The primary one: Close out games without blowing leads.
“You don’t know how he is going to respond in those moments where he is the closer,” Picollo said. “But I think what he has gone through over the last two months gives us a lot of confidence that we do have a closer.”
Indeed, Erceg seemed to check every box for the Royals down the stretch. He posted a 2.88 ERA and 12 saves in 23 relief appearances following the trade to KC. He struck out 31 men in 25 innings while walking just three.
In the American League Wild-Card Series against the Baltimore Orioles, Erceg earned two saves as the Royals won their first playoff games since 2015.
Erceg is the Royals’ closer, and closer of the future, too. It’s a role for which he is grateful and wants to keep making his own.
“The more I have gone out in those situations, I have gotten more comfortable,” he said. “But at the end of the day, man, it’s just you’re playing baseball in front of a ton of people. It’s a cool moment to be in. I just like to take it all in before I get going.”
Erceg is stepping onto the biggest stage of his major-league career now as the Royals open a best-of-five American League Division Series against the Yankees at Yankee Stadium in New York.
With some 50,000 fans expected on hand for Saturday’s Game 1 of the ALDS, Erceg will almost certainly be called upon in the most critical moments of one or more contests to come against the Yankees.
Erceg said his experience as a former position player allows him to compartmentalize the situation and simply attack opposing hitters.
“I kind of understood that hitting is definitely a little harder than some of these guys make it look, right?” he said. “... I have a hard fastball and decent secondary stuff that I can throw for a strike.

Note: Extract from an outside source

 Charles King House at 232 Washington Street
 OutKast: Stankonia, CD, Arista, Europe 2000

It’s going to kind of make the hitters guess what’s coming.”
The Royals’ bullpen has become very effective in recent weeks. Erceg and fellow KC relievers Daniel Lynch IV, Sam Long, Kris Bubic, Angel Zerpa and John Schreiber all have experience pitching in pivotal moments.
The Royals also have Michael Lorenzen and Brady Singer available out of the bullpen.
The relief corps’ next challenge will be shutting down the Yankees’ high-octane offense.
“I’m a big believer that the more decisions you make opposing hitters make at the plate, the better it is for you,” Quatraro said. “Now, they might beat you sometimes, but the more swing decisions they have to make, the better.”
Erceg will be handed the baseball if the Royals hold a late lead. He understands the stakes and will be prepared to answer with lock-down pitching when that bullpen phone rings.
“We work a lot on harping on the same two to three things,” he said, “and that’s stay aggressive in the (strike) zone and let the baseball take care of itself.”